Non-RAG response relevance (instead of AnswerRelevancy):

response_relevance = create_llm_evaluator(
    name="ResponseRelevance",
    prompt_template="""
    You are evaluating whether a customer support response is relevant and helpful.

    Input: {eval_input}
    Response: {eval_output}
    Expected: {expectation}

    Score 1.0 if the response directly addresses the question and meets expectations.
    Score 0.5 if partially relevant but misses important aspects.
    Score 0.0 if off-topic, ignores the question, or contradicts expectations.
    """,
)

Manual custom evaluator

Custom evaluators can be sync or async functions.
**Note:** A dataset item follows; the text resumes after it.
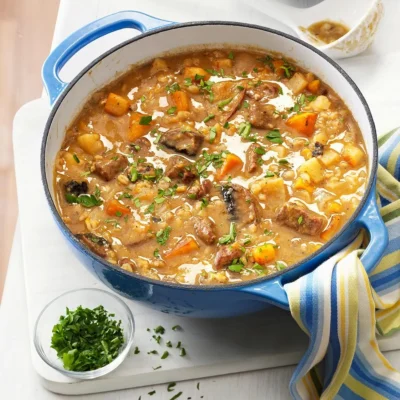 Hearty Beef And Barley Soup With Root Vegetables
Assign them to module-level variables in pixie_qa/evaluators.py:

from pixie import Evaluation, Evaluable

def my_evaluator(evaluable: Evaluable, *, trace=None) -> Evaluation:
    score = 1.0 if "expected pattern" in str(evaluable.eval_output) else 0.0
    return Evaluation(score=score, reasoning="...")

Reference by filepath:callable_name in the dataset: "pixie_qa/evaluators.py:my_evaluator".

Accessing eval_metadata and captured data: Custom evaluators access per-entry metadata and wrap() outputs via the Evaluable fields:

  • evaluable.eval_metadata — dict from the entry's eval_metadata field (e.g., {"expected_tool": "endCall"})
  • evaluable.eval_outputlist[NamedData] containing ALL wrap(purpose="output") and wrap(purpose="state") values. Each item has .name (str) and .value (JsonValue). Use the helper below to look up by name.
def _get_output(evaluable: Evaluable, name: str) -> Any:
    """Look up a wrap value by name from eval_output."""
    for item in evaluable.eval_output:
        if item.name == name:
            return item.value
    return None

def call_ended_check(evaluable: Evaluable, *, trace=None) -> Evaluation:
    expected = evaluable.eval_metadata.get("expected_call_ended") if evaluable.eval_metadata else None
    actual = _get_output(evaluable, "call_ended")
    if expected is None:
        return Evaluation(score=1.0, reasoning="No expected_call_ended in eval_metadata")
    match = bool(actual) == bool(expected)
    return Evaluation(
        score=1.0 if match else 0.0,
        reasoning=f"Expected call_ended={expected}, got {actual}",
    )

3c. Produce the evaluator mapping artifact

Write the criterion-to-evaluator mapping to pixie_qa/03-evaluator-mapping.md. This artifact bridges between the eval criteria (Step 1b) and the dataset (Step 4).

CRITICAL: Use the exact evaluator names as they appear in the evaluators.md reference — built-in evaluators use their short name (e.g., Factuality, ClosedQA), and custom evaluators use filepath:callable_name format (e.g., pixie_qa/evaluators.py:ConciseVoiceStyle).

Template

# Evaluator Mapping

## Built-in evaluators used

| Evaluator name | Criterion it covers | Applies to                 |
| -------------- | ------------------- | -------------------------- |
| Factuality     | Factual accuracy    | All items                  |
| ClosedQA       | Answer correctness  | Items with expected_output |

## Custom evaluators

| Evaluator name                           | Criterion it covers | Applies to | Source file            |
| ---------------------------------------- | ------------------- | ---------- | ---------------------- |
| pixie_qa/evaluators.py:ConciseVoiceStyle | Phone-friendly tone | All items  | pixie_qa/evaluators.py |

## Applicability summary

- **Dataset-level defaults** (apply to all items): Factuality, pixie_qa/evaluators.py:ConciseVoiceStyle
- **Item-specific** (apply to subset): ClosedQA (only items with expected_output)

Output

  • Custom evaluator implementations in pixie_qa/evaluators.py (if any custom evaluators needed)
  • pixie_qa/03-evaluator-mapping.md — the criterion-to-evaluator mapping

Evaluator selection guide: See evaluators.md for the full evaluator catalog, selection guide (which evaluator for which output type), and create_llm_evaluator reference.

If you hit an unexpected error when implementing evaluators (import failures, API mismatch), read evaluators.md for the authoritative evaluator reference and wrap-api.md for API details before guessing at a fix.